When Eyal Gura and colleague Offir Gutelzon co-founded a digital image “fingerprinting” firm to help copyright holders protect their intellectual property and develop a marketplace to license them, the two men — graduates of Israel’s IDC (Interdisciplinary Center) Herzliya — drew on a combination of military, cultural and business background to develop their business.
PicScout illustrates the way technology developed for one purpose can be leveraged to serve a variety of markets. It also shows how a small country with minimal natural resources can draw on knowledge-based resources to spur an outpouring of high-tech companies, say Wharton business experts.
“We believe that 85% of the images appearing on the Internet infringe on copyrights,” says Gutelzon, who serves as CEO. “PicScout developed image recognition technology that enables copyright owners to see where their images are being used and determine whether or not the usage infringes on their copyright.” Right now, the photo imaging industry loses more than $67 million a year in foregone revenue to unlicensed users, according to the trade association Stock Artists Alliance.
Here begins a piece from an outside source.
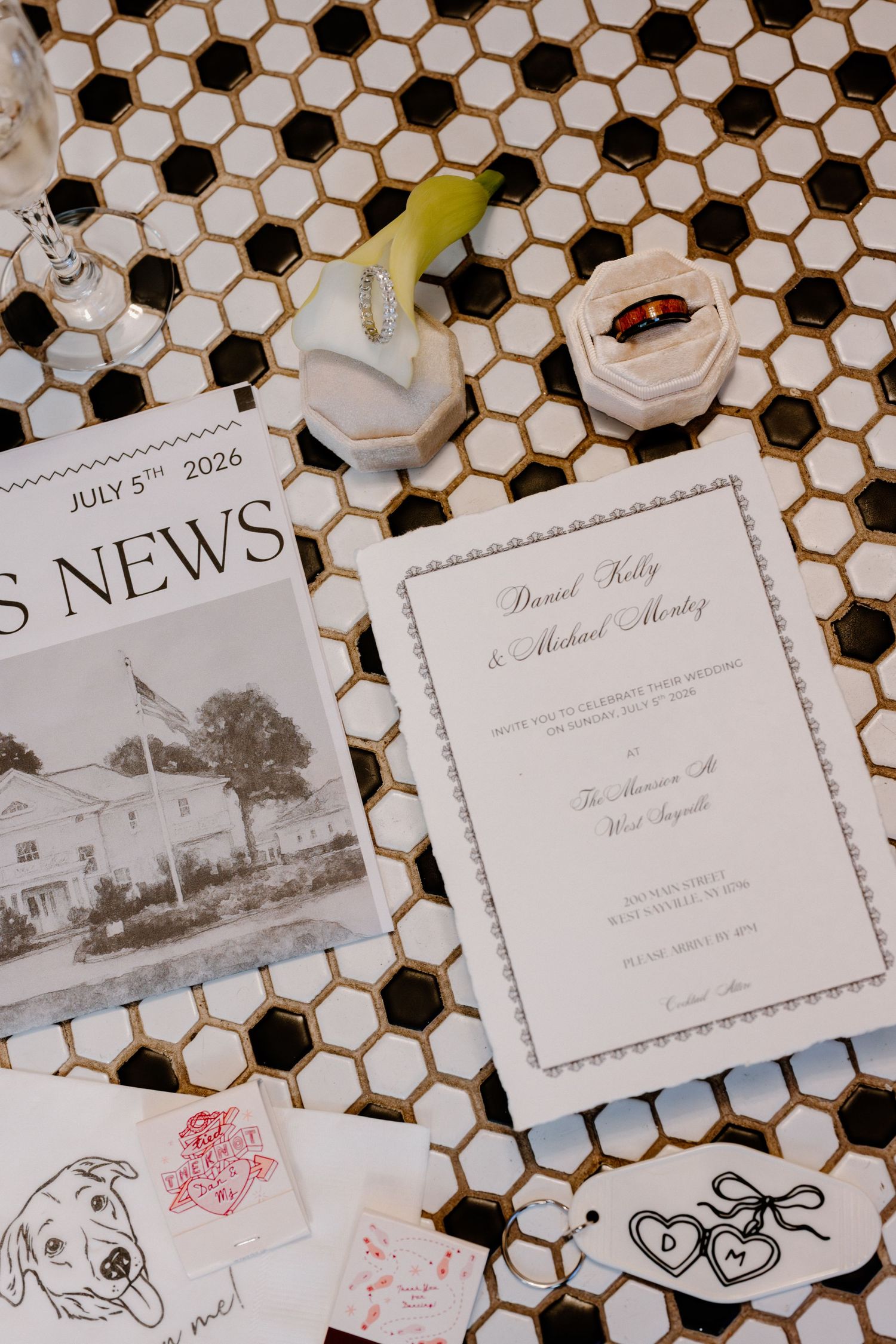 Wedding Detail Flat Lay with Cala Lillys taken at Mansion at West Sayville, Long Island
Established in 2002 with offices in Herzliya, Israel, and in Los Gatos, Calif., the privately owned company has grown quickly in recent years, from revenues of $2.5 million in 2006 to $4.5 million in 2009, according to Inc. magazine. In 2010, the magazine ranked PicScout’s percentage growth No. 34 among media companies and No. 2754 overall. PicScout, which has 60 employees, is also active in Europe and plans to expand into China and Russia — both hotbeds of copyright infringement — and possibly into South America.
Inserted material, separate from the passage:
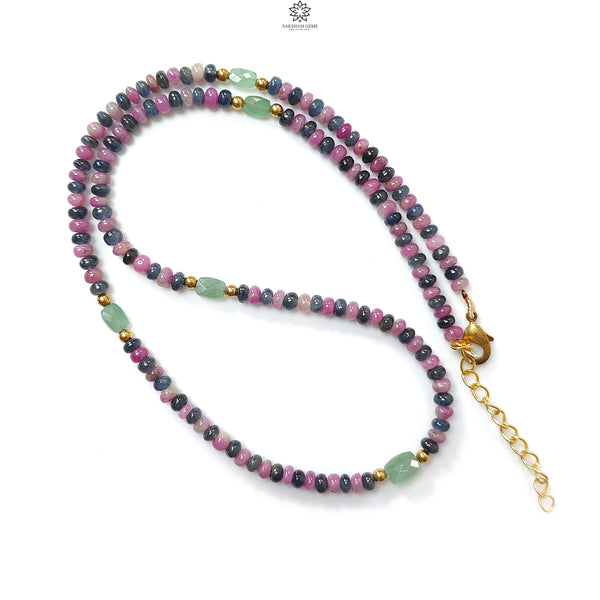 Zoisite Ruby & Blue Sapphire Gemstone Beads Necklace: Natural Untreated Ruby, Green Quartzite Plain Rondelle Brass Necklace 18" 1 Strand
Just as music and movie companies have long been concerned about Internet piracy — the unauthorized online distribution of songs and films — photographers and other owners of copyright-protected images continue to fret over unauthorized postings of their intellectual property. “It’s a huge potential market,” Gutelzon says. “It includes people who are being infringed on but it’s not limited to that, since we are also creating a central exchange for people who need to use images but don’t know where to legally find and license them.”
A business model like PicScout’s that targets an existing need instead of trying to create demand for a new one can be very effective, says Wharton marketing professor Jerry Wind. “The key is whether the company offers a truly innovative solution or is just trying to piggyback on existing demand. Starbucks, for example, took a commodity product, coffee, and built a premium experience around it. If PicScout delivers something new, rather than just something that’s slightly better, it has a better chance at long-term success.” Targeting the intellectual property market can make sense, he adds, because it’s so pervasive.
But unlocking the value of intellectual property involves determining how to protect and monetize it, notes Gary Shenk, CEO of photo-image supplier Corbis, chaired by Microsoft founder Bill Gates. Corbis and Getty Images, which both utilize PicScout’s services, are dominant players in the expanding photo-image supply market, licensing art to books, magazine, media production companies and other users. “If our images are pirated, it undermines the whole value concept of licensing and of paying artists for their creations,” Shenk says.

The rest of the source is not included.